● **WHAT YOU HAVE TO DO**:
For the material below, reproduce exactly each line from the one that has "DRESSOOS Set de" through the one that has "Strange American Rural", and no others; pictures stay out.

● **RECORDS SHOWN**:
:::

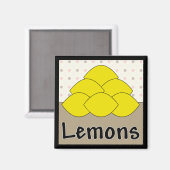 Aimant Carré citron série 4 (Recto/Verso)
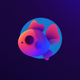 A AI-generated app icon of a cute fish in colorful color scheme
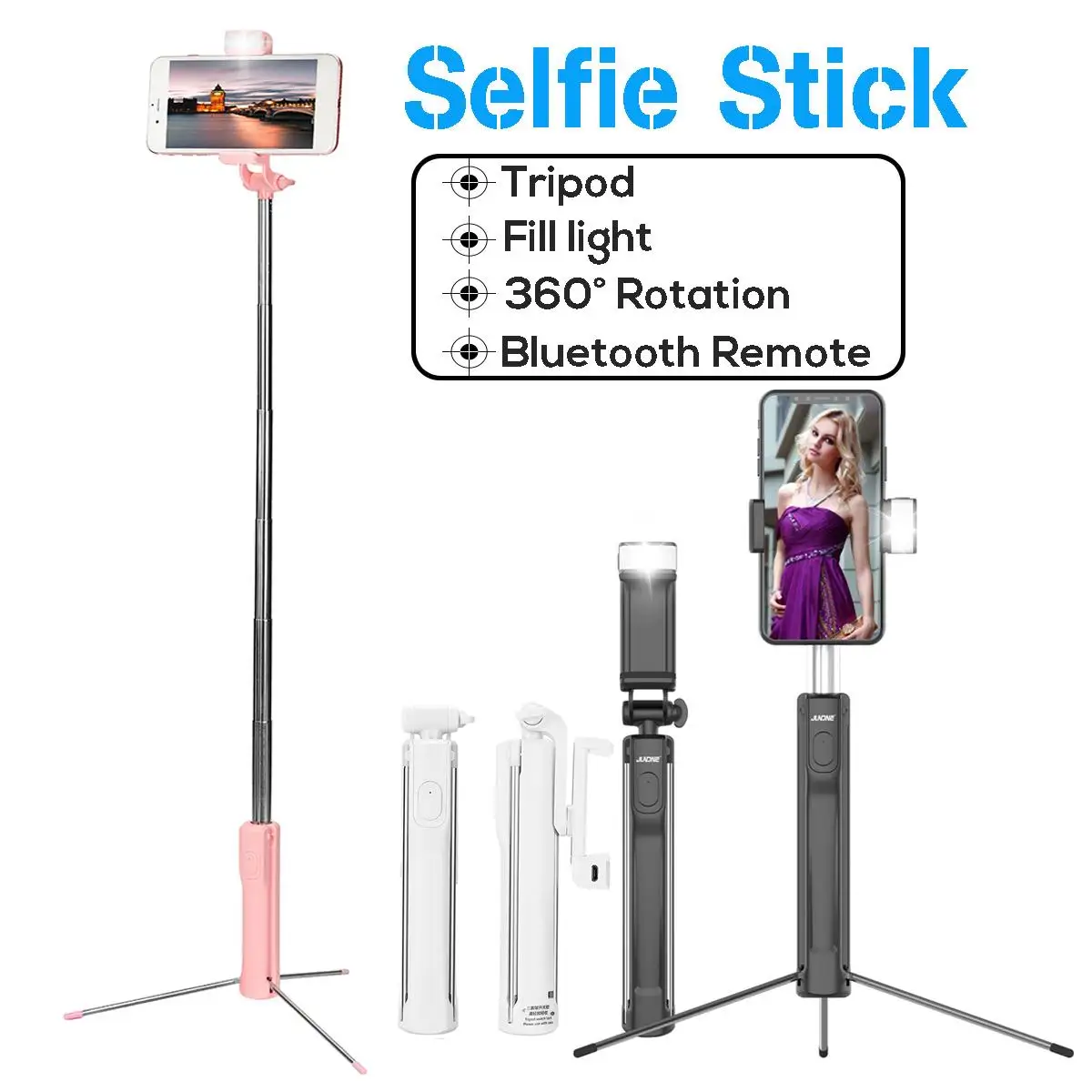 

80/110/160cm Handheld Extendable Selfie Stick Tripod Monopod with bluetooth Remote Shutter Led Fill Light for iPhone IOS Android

:::

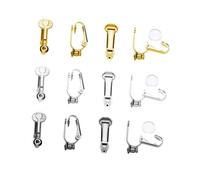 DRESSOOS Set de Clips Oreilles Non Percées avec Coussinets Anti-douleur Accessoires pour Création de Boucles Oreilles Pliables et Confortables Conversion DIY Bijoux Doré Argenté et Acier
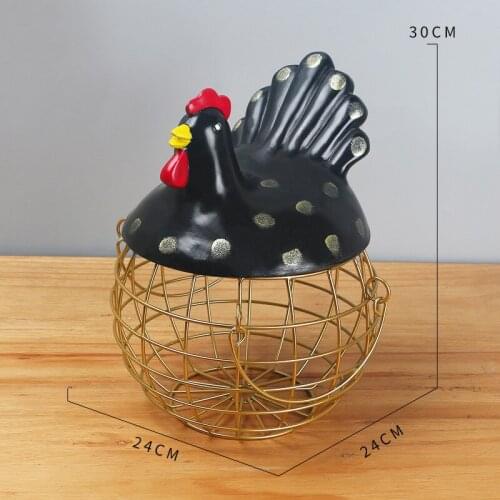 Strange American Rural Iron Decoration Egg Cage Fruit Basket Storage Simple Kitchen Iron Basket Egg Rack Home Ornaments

:::

● **WRITTEN SOLUTION**:
 DRESSOOS Set de Clips Oreilles Non Percées avec Coussinets Anti-douleur Accessoires pour Création de Boucles Oreilles Pliables et Confortables Conversion DIY Bijoux Doré Argenté et Acier
 Strange American Rural Iron Decoration Egg Cage Fruit Basket Storage Simple Kitchen Iron Basket Egg Rack Home Ornaments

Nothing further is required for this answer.